Beri Komentar Soal Pemerintahan Biden, Presiden Iran Singgung Perjanjian Nuklir

26 November 2020, 16:28 WIB
Presiden Iran Beri Komentar Soal Pemerintahan Biden. /Kolase PIXABAY/jorono dan instagram.com/@joebiden

PORTAL PROBOLINGGO - Kemenangan Joe Biden tak hanya mendapatkan sambutan baik dari sebagian besar warga AS, tapi juga dari beberapa pemimpin negara, salah satunya Presiden Iran Hassan Rouhani.

Rouhani mengatakan pada hari Rabu, 25 November 2020 bahwa akan mudah untuk menyelesaikan masalah kenegaraan antara Iran dengan AS selama Joe Biden memegang komitmen yang ia buat saat kampanye.

Optimise Rouhani kepada pemerintahan Biden ternyata berbanding terbalik dengan pidato pemimpin tertinggi Iran Ayatollah Ali Khamenei yang memberi gambaran tentang sulitnya langkah menuju normalisasi dan pencabutan sanksi.

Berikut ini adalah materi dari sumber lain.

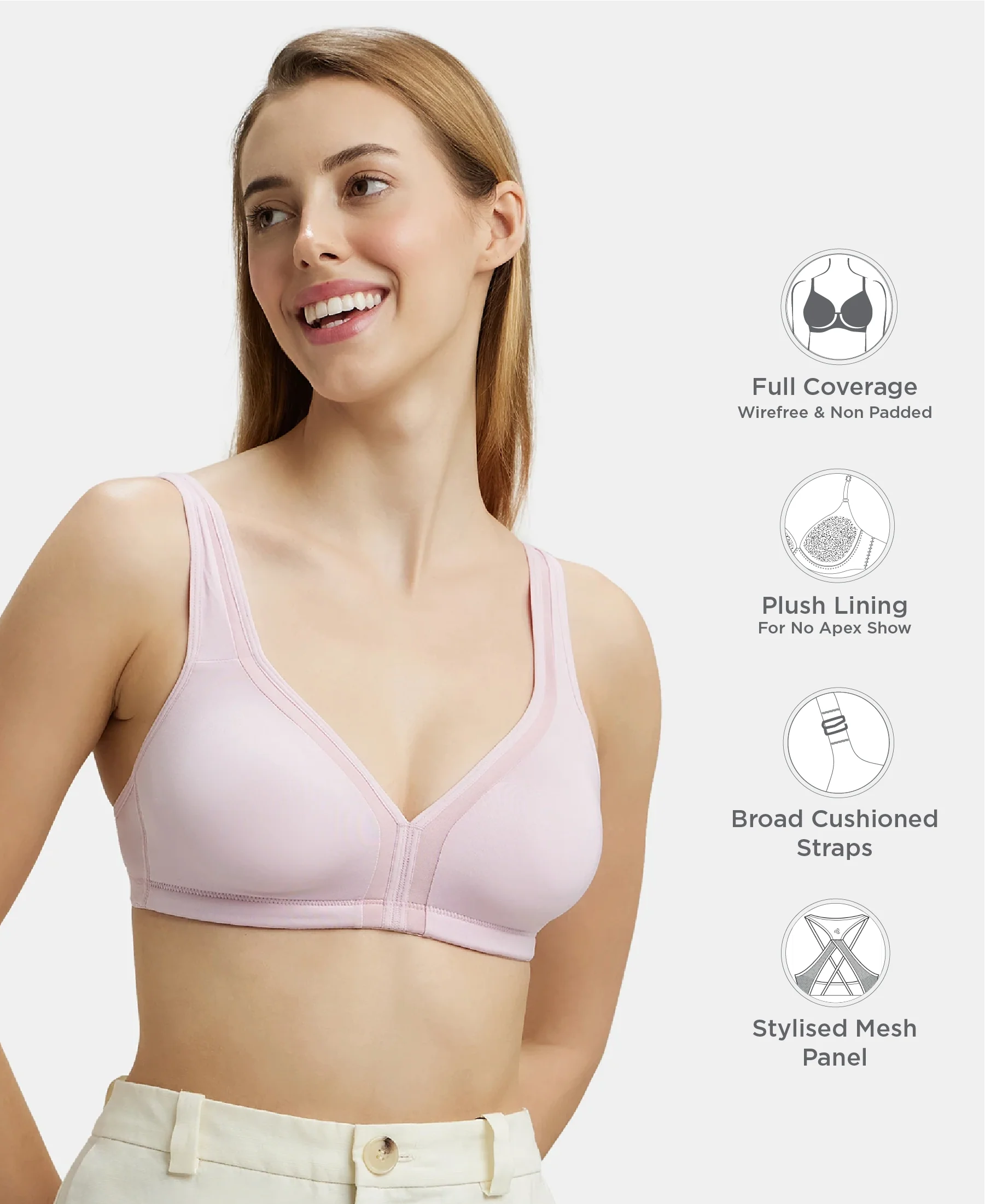 Wirefree Non Padded Soft Touch Microfiber Elastane Stretch Full Coverage Everyday Bra with Stylised Mesh Panel - Fragrant Lily - Image 2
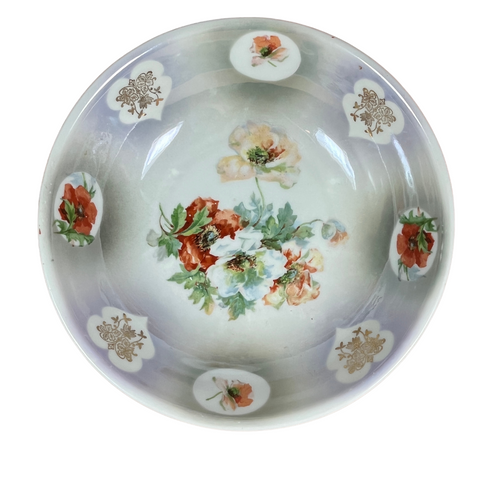 Vintage Porcelain Serving Bowl Stenciled Gray / Floral Made in Germany 9" Dia.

Baca Juga: Film Mulan Versi Bahasa Indonesia Tayang Desember, Simak 3 Artis yang Jadi Pengisi Suaranya

Meskipun demikian, Rouhani yang pernah merundingkan kesepakatan nuklir dengan pemerintahan Obama pada tahun 2015, tetap yakin bahwa negosiasi ke depan yang mungkin terlihat rumit tidak akan terjadi selama Biden berpegang pada komitmennya.

Rouhani mengatakan bahwa negosisasi untuk menyelesaikan maslaah dengan AS tersebut akan menjadi mudah asalkan pemerintah AS dan Iran saling menghormati, menjauhkan diri dari ketentuan-ketentuan yang dibuat Donald Trump, dan memberikan kompensasi atas dampak sanksi terhadap ekonomi Iran meskipun masalah kompensasi akan menjadi sulit bagi pemerintahan Biden tergantung pada jumlah yang diminta.

Sebaliknya, Khamenei mengatakan bahwa upaya untuk mencabut sanksi dan negosiasi selama bertahun-tahun belum diselesaikan dan menyebutkan tidak adanya kemungkinan pembukaan yang cepat dari luar negeri.

Baca Juga: Lirik Lagu ‘Song of Pride’ Anthem Kebanggaan Persebaya Surabaya

Perbedaan persepsi tersebut mungkin mencerminkan perbedaan kebijakan yang nyata di Iran atau mungkin saja hanya keinginan Rouhani semata untuk membenarkan penandatanganan kesepakatan nuklir. 

Sejauh ini kesepakatan nuklir merupakan keputusan yang telah menguntungkan musuh-musuh politiknya dan akan menjadi topik menonjol dalam pemilihan presiden pada bulan Juni.

Kemajuan awal dalam pembicaraan antara AS dan Iran kemungkinan akan membantu kandidat reformis jika kemajuan itu nyata di Iran pada saat kampanye presiden dimulai. 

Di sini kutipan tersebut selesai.